- [Data excerpts]
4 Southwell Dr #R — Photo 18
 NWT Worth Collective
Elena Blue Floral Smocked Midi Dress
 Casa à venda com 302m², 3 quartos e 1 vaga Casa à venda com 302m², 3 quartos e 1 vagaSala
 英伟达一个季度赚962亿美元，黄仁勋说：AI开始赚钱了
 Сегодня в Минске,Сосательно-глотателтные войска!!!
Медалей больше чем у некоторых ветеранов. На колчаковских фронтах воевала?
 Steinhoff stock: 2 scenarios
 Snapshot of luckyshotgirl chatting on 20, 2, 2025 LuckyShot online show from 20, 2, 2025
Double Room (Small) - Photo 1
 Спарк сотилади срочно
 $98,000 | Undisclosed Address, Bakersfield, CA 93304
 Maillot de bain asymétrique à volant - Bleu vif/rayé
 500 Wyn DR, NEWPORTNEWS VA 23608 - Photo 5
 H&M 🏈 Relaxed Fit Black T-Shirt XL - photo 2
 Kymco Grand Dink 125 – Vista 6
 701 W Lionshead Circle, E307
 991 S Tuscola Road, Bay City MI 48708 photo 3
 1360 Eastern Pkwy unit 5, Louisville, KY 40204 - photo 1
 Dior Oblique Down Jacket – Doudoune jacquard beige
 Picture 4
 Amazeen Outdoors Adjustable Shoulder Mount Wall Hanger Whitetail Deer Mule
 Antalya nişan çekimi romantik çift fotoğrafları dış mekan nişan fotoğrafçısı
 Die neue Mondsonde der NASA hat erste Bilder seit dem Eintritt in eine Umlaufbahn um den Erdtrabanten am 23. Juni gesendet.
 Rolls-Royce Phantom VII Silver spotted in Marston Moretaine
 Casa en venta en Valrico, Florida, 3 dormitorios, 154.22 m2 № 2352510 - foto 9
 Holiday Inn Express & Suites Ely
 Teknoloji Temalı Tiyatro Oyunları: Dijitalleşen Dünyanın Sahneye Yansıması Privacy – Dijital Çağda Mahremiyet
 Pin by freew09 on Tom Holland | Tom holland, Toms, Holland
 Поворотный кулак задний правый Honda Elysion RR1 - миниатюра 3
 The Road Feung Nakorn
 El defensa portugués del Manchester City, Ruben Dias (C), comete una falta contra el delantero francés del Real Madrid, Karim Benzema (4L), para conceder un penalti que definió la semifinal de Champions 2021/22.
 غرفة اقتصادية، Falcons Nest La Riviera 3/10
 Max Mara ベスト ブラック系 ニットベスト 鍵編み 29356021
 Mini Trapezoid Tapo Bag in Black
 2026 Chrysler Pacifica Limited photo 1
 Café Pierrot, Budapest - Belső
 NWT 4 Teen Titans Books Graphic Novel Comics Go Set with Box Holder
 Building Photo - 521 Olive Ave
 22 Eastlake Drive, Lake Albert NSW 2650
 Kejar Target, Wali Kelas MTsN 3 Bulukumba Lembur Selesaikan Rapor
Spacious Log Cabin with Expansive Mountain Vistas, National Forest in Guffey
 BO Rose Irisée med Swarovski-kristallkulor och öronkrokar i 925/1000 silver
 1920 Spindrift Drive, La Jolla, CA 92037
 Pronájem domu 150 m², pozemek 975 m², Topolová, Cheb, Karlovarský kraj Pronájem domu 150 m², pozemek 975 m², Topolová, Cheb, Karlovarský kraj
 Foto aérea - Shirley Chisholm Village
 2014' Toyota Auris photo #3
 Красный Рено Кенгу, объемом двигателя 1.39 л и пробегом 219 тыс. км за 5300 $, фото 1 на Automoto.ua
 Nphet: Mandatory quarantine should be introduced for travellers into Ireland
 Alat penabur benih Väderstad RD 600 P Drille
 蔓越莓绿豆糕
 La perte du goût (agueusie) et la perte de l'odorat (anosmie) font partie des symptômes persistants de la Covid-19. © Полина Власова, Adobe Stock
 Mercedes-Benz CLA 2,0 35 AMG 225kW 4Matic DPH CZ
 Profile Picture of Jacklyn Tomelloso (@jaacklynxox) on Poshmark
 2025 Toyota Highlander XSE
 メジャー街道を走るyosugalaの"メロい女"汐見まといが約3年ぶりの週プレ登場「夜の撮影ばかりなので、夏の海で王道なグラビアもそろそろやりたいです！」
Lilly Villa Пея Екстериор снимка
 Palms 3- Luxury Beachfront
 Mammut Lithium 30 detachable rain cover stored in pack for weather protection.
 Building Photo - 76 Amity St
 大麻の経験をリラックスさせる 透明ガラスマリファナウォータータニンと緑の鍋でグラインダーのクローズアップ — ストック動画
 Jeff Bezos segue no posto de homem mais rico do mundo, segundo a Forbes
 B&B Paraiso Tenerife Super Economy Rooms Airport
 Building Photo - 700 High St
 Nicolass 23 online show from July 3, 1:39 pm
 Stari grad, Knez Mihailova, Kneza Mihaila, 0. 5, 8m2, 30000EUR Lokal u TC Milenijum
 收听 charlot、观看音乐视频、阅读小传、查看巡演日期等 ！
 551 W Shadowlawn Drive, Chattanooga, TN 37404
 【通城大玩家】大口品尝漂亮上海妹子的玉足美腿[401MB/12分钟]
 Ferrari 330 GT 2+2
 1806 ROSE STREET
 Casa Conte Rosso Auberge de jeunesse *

- [The problem] Provide every line from the material that contains the word "Black".

- [Task answer]
 H&M 🏈 Relaxed Fit Black T-Shirt XL - photo 2
 Mini Trapezoid Tapo Bag in Black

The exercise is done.